Under his plan, every citizen would be automatically registered to vote at 18. Each county clerk would mail out a coded ballot to every citizen residing in their county. The voter must have the marked ballot postmarked or placed in a drop box by the day of the election to be counted. All mailings would be treated as priority mail by the Postal System.
“Think of the millions of dollars and the tons of grief that can be saved by making the electoral system truly democratic and truly fair,” Lehmann said.
Occupation: Information technology consultant.
Education: Studied architecture at The Ohio State University and mathematics at the University of Cincinnati.
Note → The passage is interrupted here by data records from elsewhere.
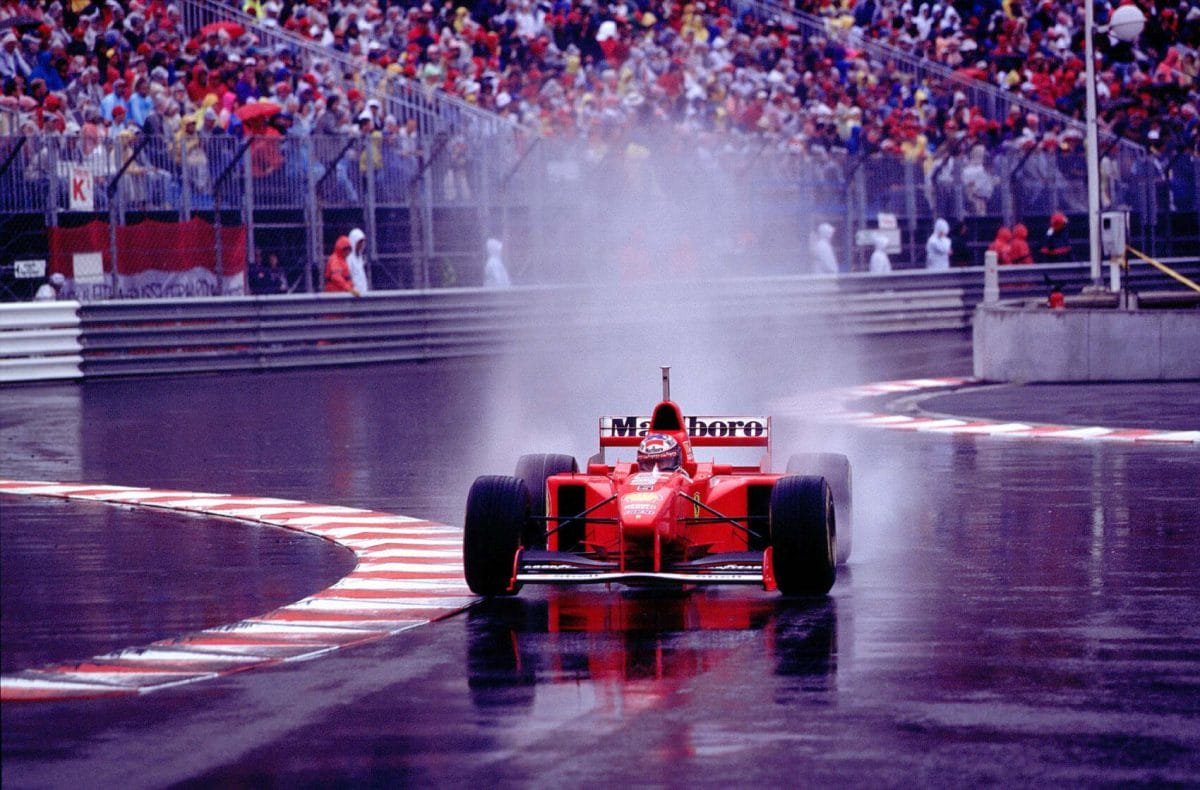 Az „Elbűvölő teljesítményét mutatva Schumacher hihetetlenül uralt mindenkit a monacói esőben” cím hatásos lenne erre a témára.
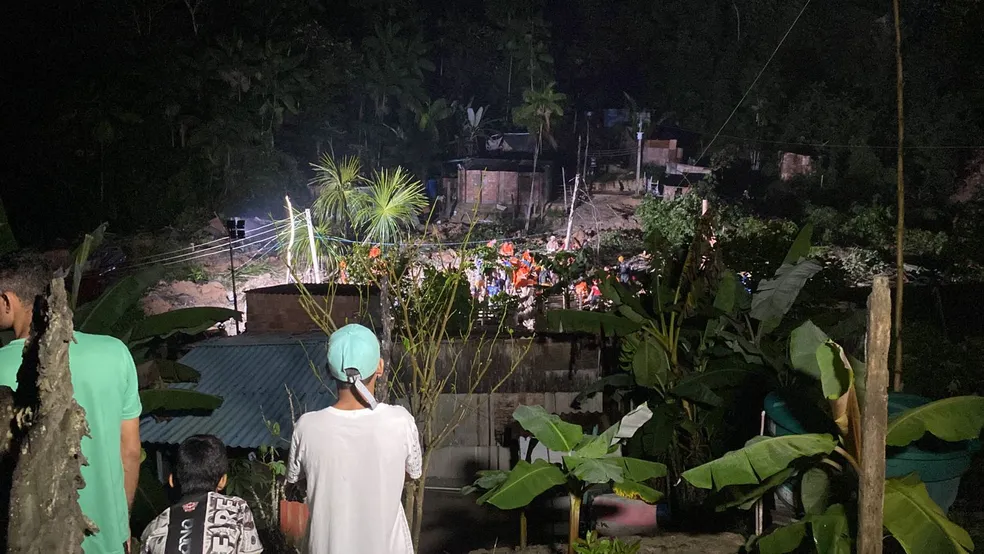 Bombeiros encerram buscas após deslizamento em Manaus; 4 crianças e 4 adultos morreram
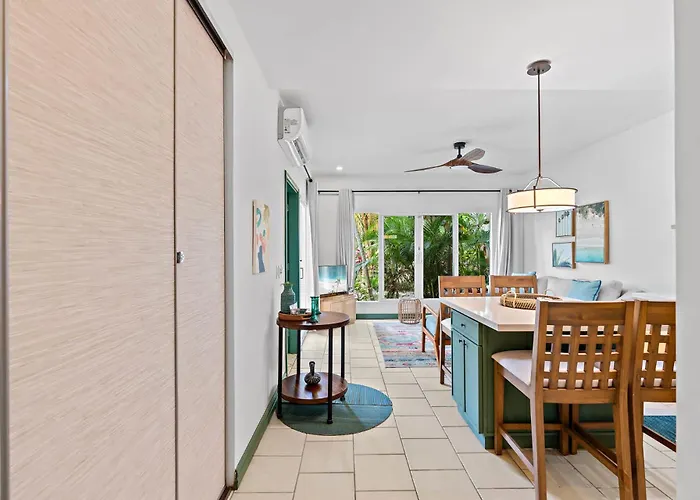 Trendy Renovated With Private Patio, Shared Pool & Jacuzzi Near The Apartamento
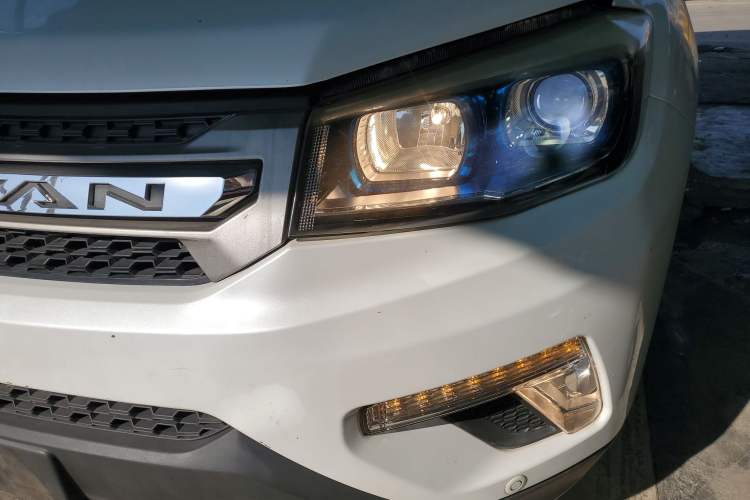 Used Changan CS75 2017 Shangkui Edition 1.5T Automatic Fengxiang Model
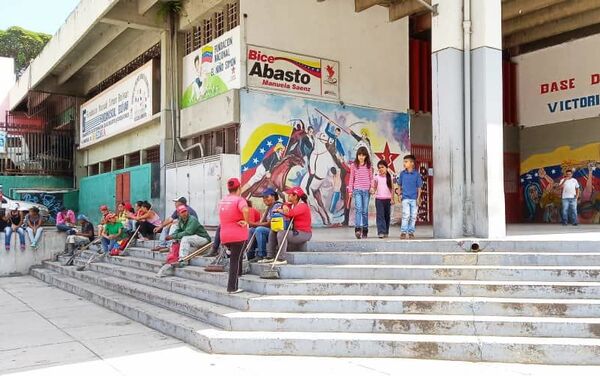 La entrada a la base de la Comuna Victoria Socialista, Caracas, Venezuela - Sputnik Mundo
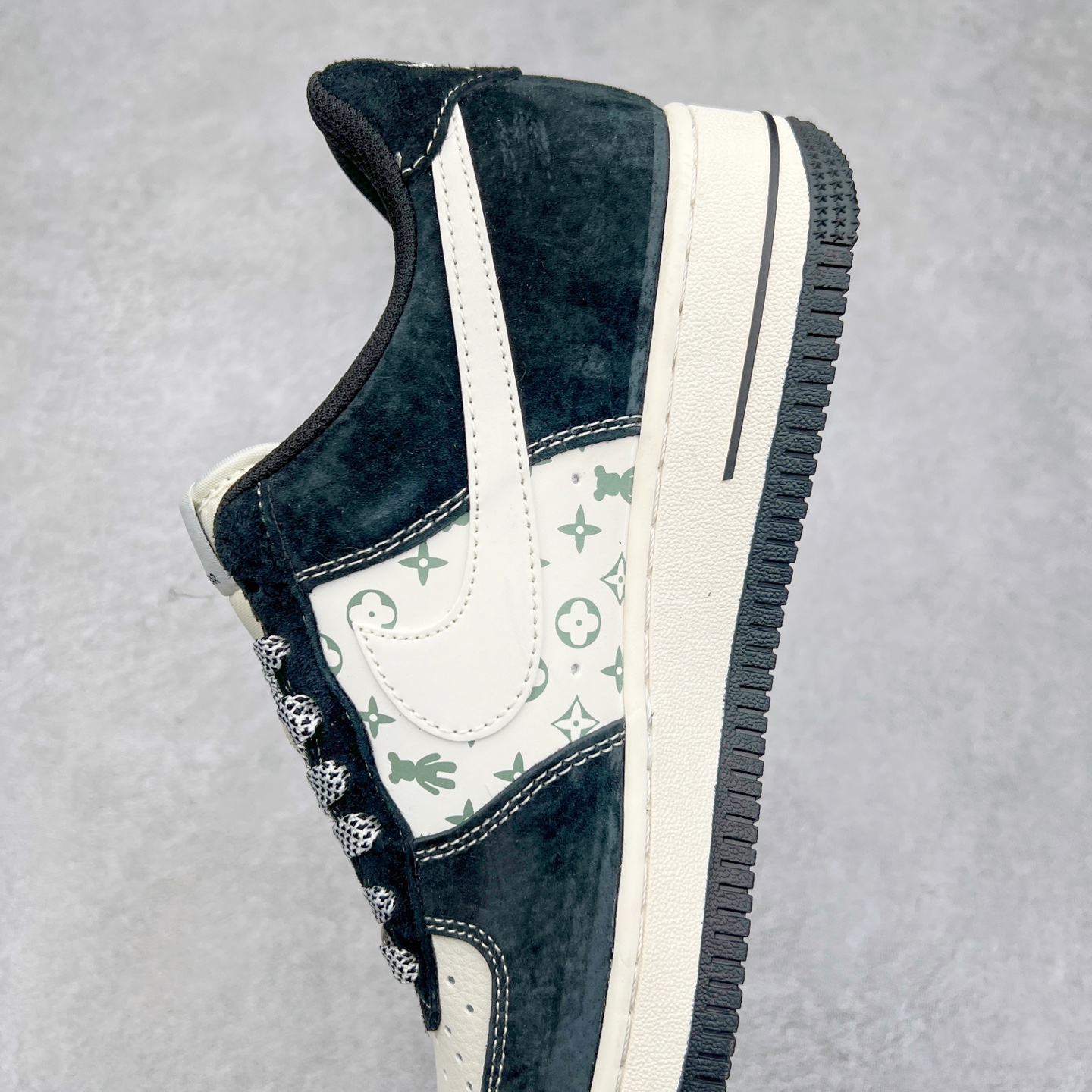 图片[7]-NK Air Force 1´07 Low 空军一号低帮百搭休闲运动板鞋 SJ9188-003 柔软、弹性十足的缓震性能和出色的中底设计 横跨复古与现代的外型结合 造就出风靡全球 三十多年的Force 1 直到今天还深受青睐 实拍调校N版已经零色差零失真 百分百还原实物色彩所见即所得 不存在货不对板色差等低级问题 选购参考实物拍摄 不混卖不参货 只用心做好货严格选品 承诺混一赔十 尺码：36 36.5 37.5 38 38.5 39 40 40.5 41 42 42.5 43 44 44.5 45-选品中心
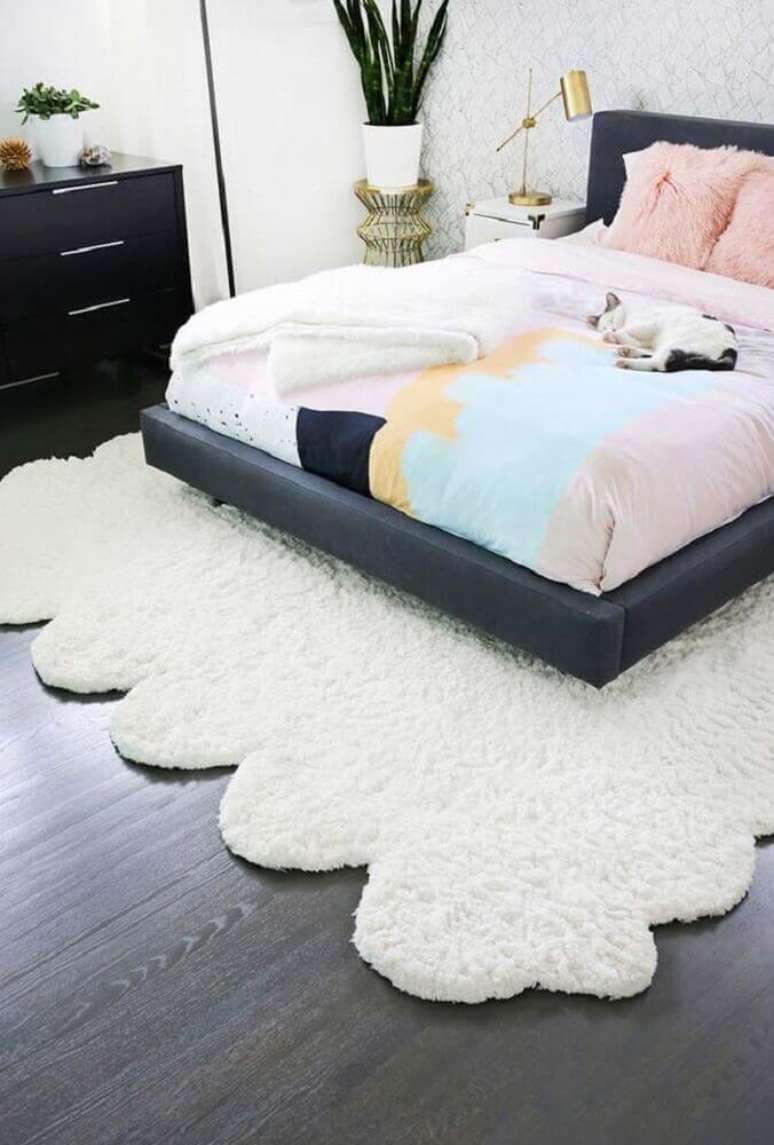 19. Decoração com tapete felpudo para quarto com cama japonesa e cômoda preta – Foto: Ideias Decor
Campaign website: paulvenable.org/index.html
Background: Candidate for Idaho lieutenant governor in 2010; candidate for Idaho House of Representatives in 2008; member of the Executive Committee of the Constitution Party of Utah in 2004; delegate to the Continental Congress of 2009, according to Project Votesmart.
Venable and his wife have organized public and private forums to teach the principles of liberty and what they view as the proper role of government through the Constitution and the Declaration of Independence, according to his website.
He says on his Facebook page that he believes in the power of spiritual belief. “All despotic regimes have rejected God and His will. If we are to survive in America, as Americans, we need to have a spiritual revival on a mass scale,” he said.
He says citizens need to ensure that government at every level is the servant and not the master.